Meet Magic: The Gathering's First Trans Character

by Emma Cueto

The card-based fantasy game Magic: The Gathering includes hundreds of characters of various orientations, races (real and imagined), and fantastical walks of life. And now, Magic: That Gathering also includes its first trans character. Which is not only awesome and inclusive, in my opinion it also just makes for better games. After all, no disrespect to Tolkien or anything, but fantasy stories in which all the main characters are straight, white, cisgender men are boring.

The new Magic character, a woman named Alesha who was assigned male at birth, is part of the new Fate Reforged card set. Though the card itself makes no mention of it, a story about Alesha on the game's official site clearly identifies her as a woman born anatomically male. It also identifies her as a kickass warrior, strong leader, and all around awesome badass. Because naturally.

In the story, we see Alesha choose her name after her first battle, as is the custom in the clan to which she belongs. Alesha remembers the day fondly. "She had been so different—only sixteen, a boy in everyone's eyes but her own, about to choose and declare her name before the khan and all the Mardu."

When the leader finally makes his way to her on the battle field,

She stood before him, snakes coiling in the pit of her stomach, and told how she had slain her first dragon.
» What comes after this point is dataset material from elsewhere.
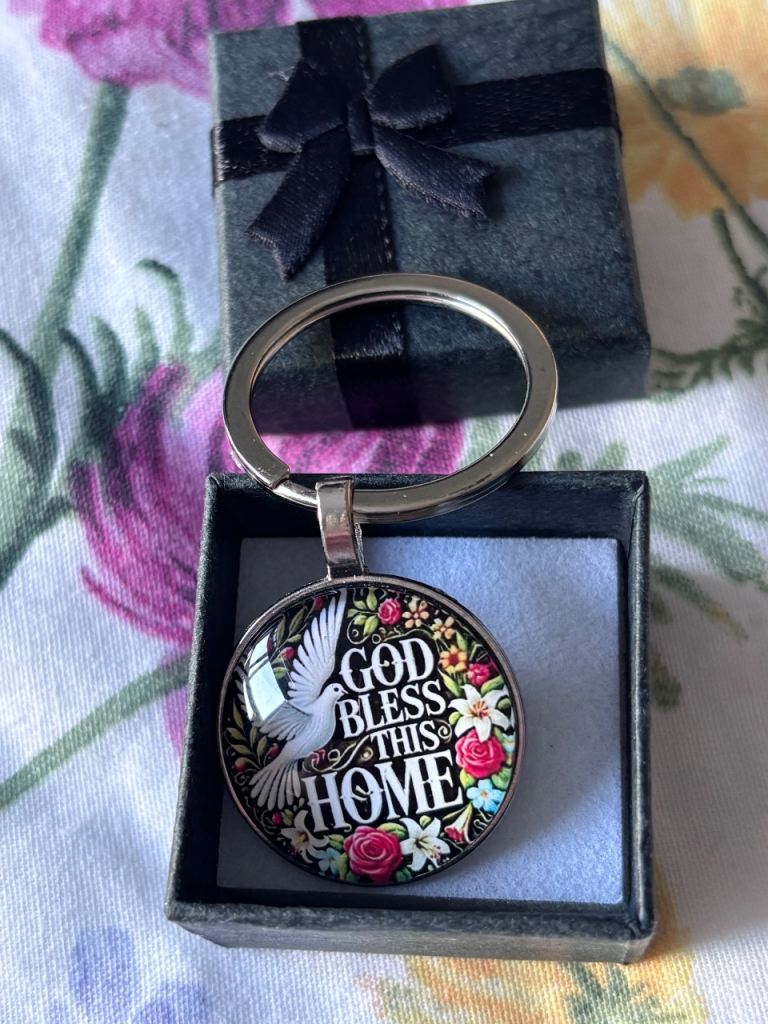God Bless this Home, keyring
The khan nodded and asked her name.

"Alesha," she said, as loudly as she could. Just Alesha, her grandmother's name.

"Alesha!" the khan shouted, without a moment's pause.

And the whole gathered horde shouted "Alesha!" in reply. The warriors of the Mardu shouted her name.

In that moment, if anyone had told her that in three years' time she would be khan, she just might have dared to believe it.

So, just to recap, this character, obscure though she is, is a strong warrior (and shown as such throughout her story), becomes an awesome leader, and has her gender identity largely respected by the other characters.

And even more importantly, her gender identity is also respected by the game itself; Alesha is referred to with only female pronouns, and the narrative at no point implies she is not a woman. Though Alesha at one point one of the characters insults her by calling her "A human boy who thinks he's a woman," the character is presented as clearly out of line, and his view does not seem to be shared by the rest of the characters in general. Which is pretty awesome

One of the most common criticisms about representation in fantasy and science fiction is not only the fact that these genres tend to not include enough diversity, but that they typically reproduce various forms of oppression even when they are diverse. What is the point, the argument goes, of imagining whole new worlds if you're still bound by the harmful oppressive realities of the real ones? Why is it easier to imagine dragons or space ships than a world where sexism doesn't exist or where trans people are accepted?

In not only making Alesha clearly trans, but also in making her female gender identity immediately and genuinely accepted by most of the people in her clan, Magic: The Gathering has done a pretty cool thing. So let's hope this sort of thing becomes the norm in fantasy media, not the exception.